With the half-millennium milestone approaching, there comes the opportunity to remember and reinforce the importance of that event when a group of believers insisted there was a higher authority than the Zurich city council. The stand is hardly a provincial one. It translates into every culture in every location.
With the birthday event delayed by two years — according to Mennonite World Conference’s plans — the message is sent that what was crucial in the founding of a movement has been deposited in the relativity bin of its history.

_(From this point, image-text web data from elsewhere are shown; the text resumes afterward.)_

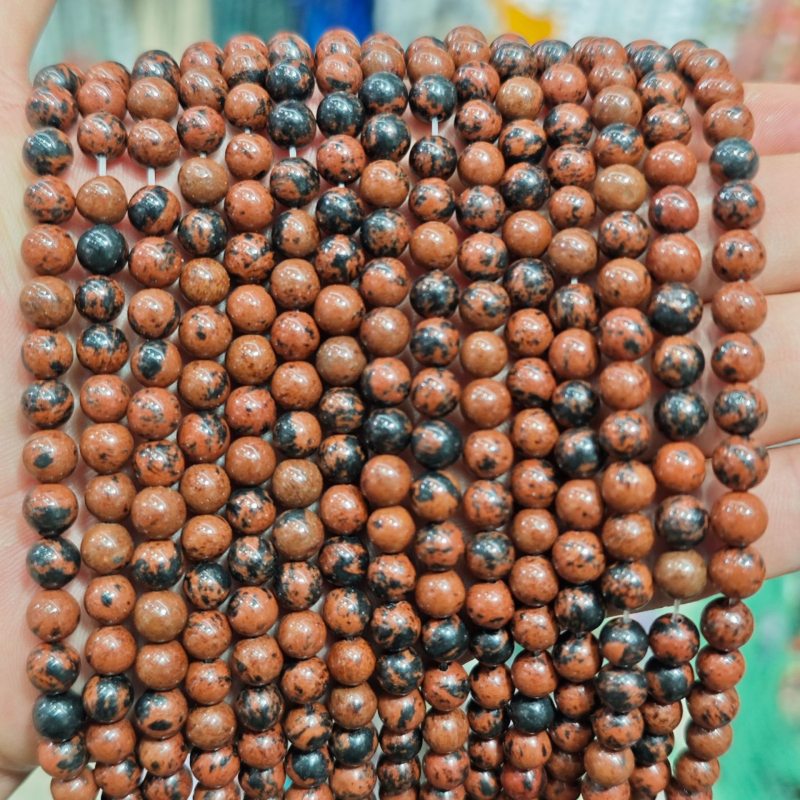 Perle naturale de agat pentru brățară DIY, rotunde, semi-fabricate, șlefuite și lustruite, model 001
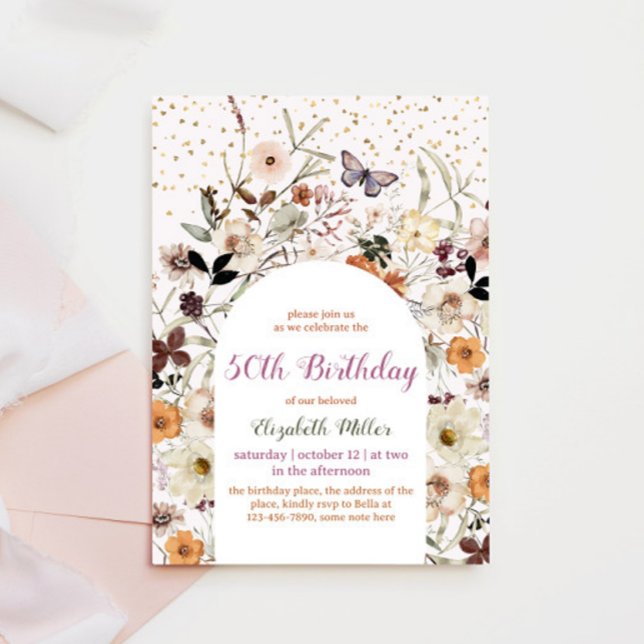 Convites Vintage Wildflower Botânico 50º Aniversário (Criador carregado)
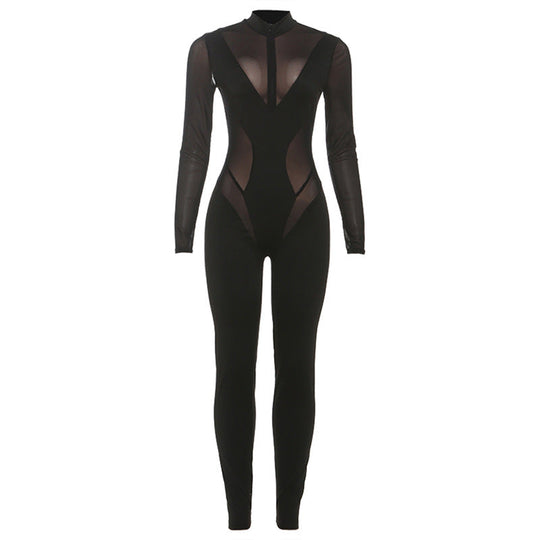 Damen Eleganter Catsuit mit transparenten Einsätzen und hohem Kragen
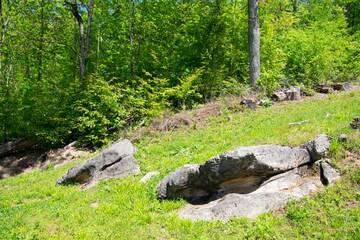 Take beautiful photos at your cabin's rock outcroppings.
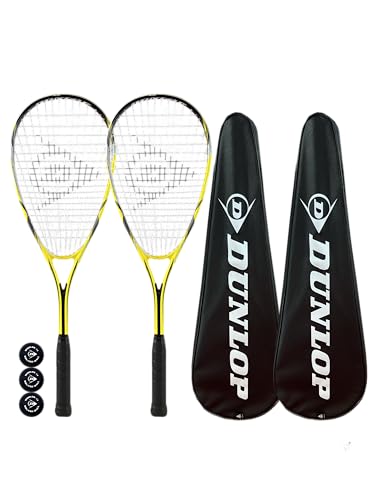 Racketworld Dunlop Nanomax Lite Ti - Juego de raquetas de squash, incluye fundas y 3 pelotas de squash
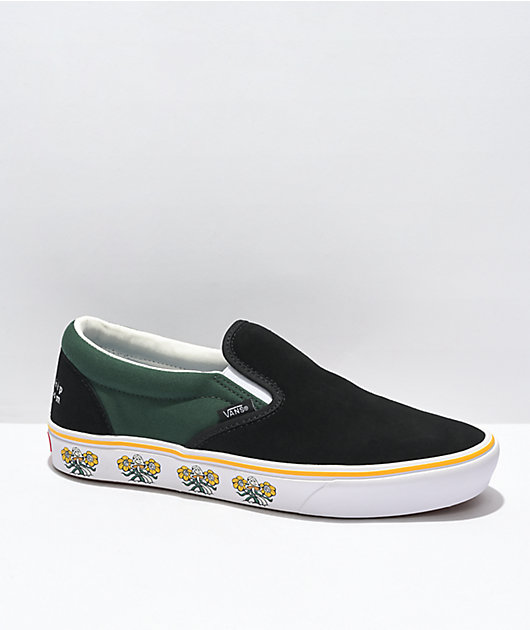 Vans Slip-On ComfyCush Trip Out Black & Sycamore Skate Shoes  display picture 2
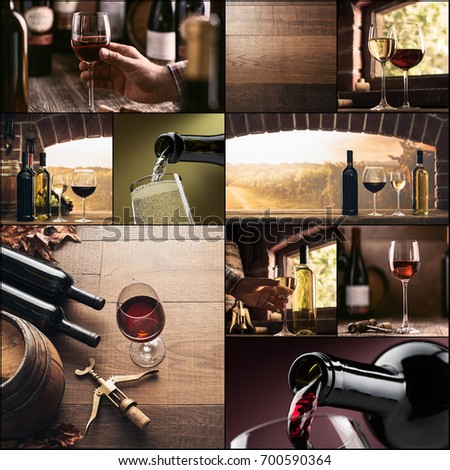 Wine tasting and winemaking photo collage: sommelier drinking wine at the bar, bottles collection, rustic cellar and window view on the coutryside vineyard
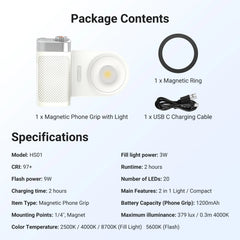 NEEWER BASICS Magnetic Wireless Remote Control Phone Camera Grip with 2 in 1 Light  For   iPhone MagSafe Samsung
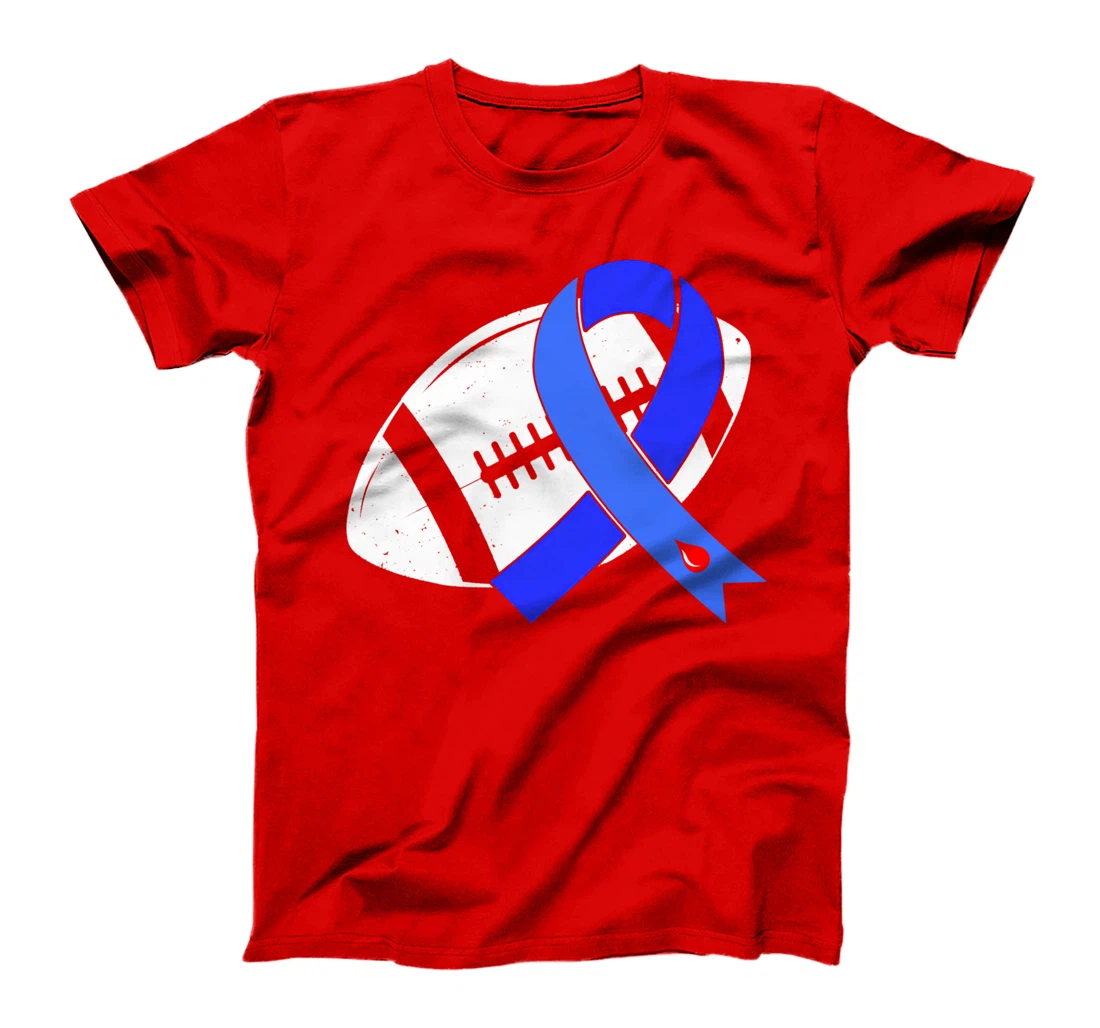 Blue Ribbon Football Diabetes Awareness Warrior T-Shirt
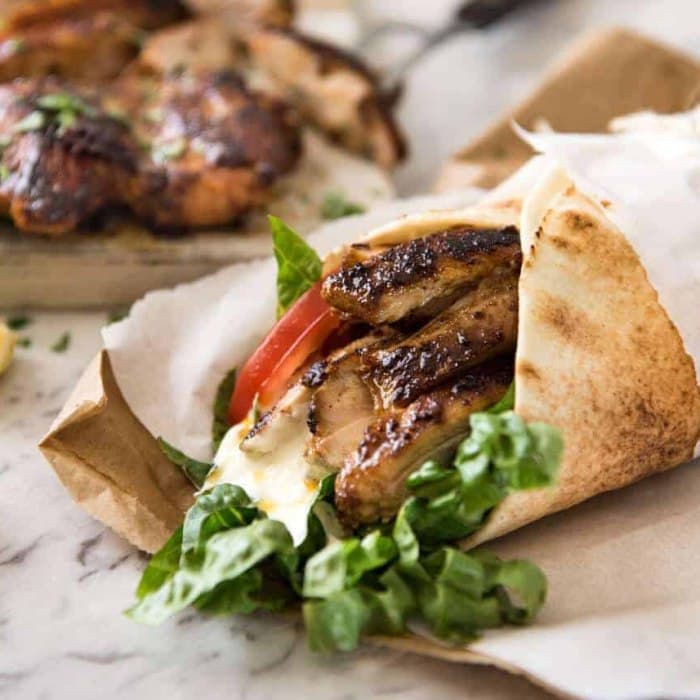 Grilled Egyptian Chicken Shawarma with Yogurt Sauce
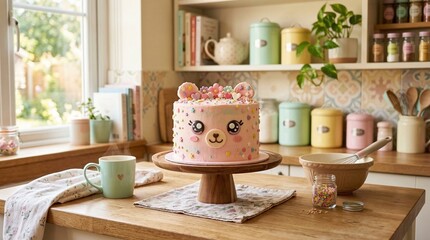 Whimsical bear face cake creation in a cozy kitchen with steaming beverage and baking tools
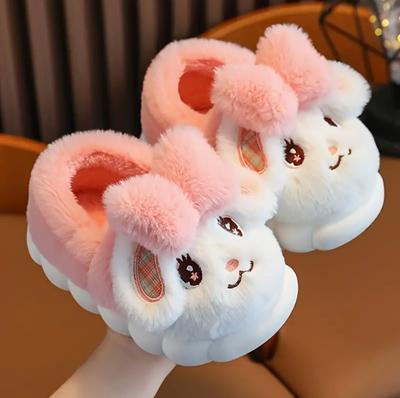 Children's Slippers Winter Parent-child Cute Princess Rabbit Soft Bottom Warm Home Non-slip Bag and Fluff Cotton Mop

What was accomplished by a small group, while on the run, with their insistence on baptism and the prerogatives of a congregation of believers, served as a forerunner of the separation of church and state and the free assembly of people of faith. This was set in motion on the winter evening in Zurich when the believers made their intentions clear.
Historian James Stayer notes that “modern Anabaptist scholarship has long agreed that Anabaptism began as a schism in the Swiss Reformation that built up to the first believers baptism in Zurich, Jan. 21, 1525.”
He adds: “If history is to be made relative to the interests of a contemporary religious denomination, there are no limits whatsoever to its plasticity (in setting an inaugural date).”
MWC spokesman John Roth concurred: “Although 1525 . . . might seem like the obvious date for a 500th anniversary, planners . . . settled instead on 1527 because it suggests a more complex story.”
Illustrating that complexity, Roth points to the Schleitheim Confession, written at a gathering north of Zurich after two years of a turbulent Anabaptism. That same year, a meeting to coordinate mission strategy, called the Martyrs Synod, was conducted in Augsburg, Germany. Most important, Roth says, the 18th MWC assembly is in 2027.
Observations about other inaugurals and anniversaries:
- The first MWC assembly was held in 1925, 400 years after Anabaptism’s start.
- Mennonite Central Committee was organized in 1920 in response to civil war and famine in Russia, but it developed its own complexities — refugee resettlement, Civilian Public Service administration, World War II relief in Europe, worldwide aid and development efforts. MCC will observe its centennial with reunions in 2020.
- The Jerusalem Council, also concerned with mission strategy resulting from outreach to the Gentiles, did not sideline the significance of Pentecost.
The importance accorded to the MWC assembly in 2027, at a site to be determined in Africa, relates to the predominance of the Global South in the present-day Anabaptist church and a desire to avoid Eurocentrism in the celebration of an anniversary.
That effort was given an ironic twist in 2017, when MWC president J. Nelson Kraybill reported on an event in Augsburg leading up to Renewal 2027, the name given the anniversary fête:
“We stopped by a large house where 88 Anabaptists were discovered in an illegal meeting [on] Easter morning [in] 1528. People arrested were variously deported, tortured or executed. Someone from the Global North in our group expressed gratitude that Anabaptists no longer are being persecuted today. Immediately a brother from Ethiopia raised his hand and said, ‘Can I tell you about persecution today?’ ”
Paul Hershberger is a retired journalist from Goshen, Ind.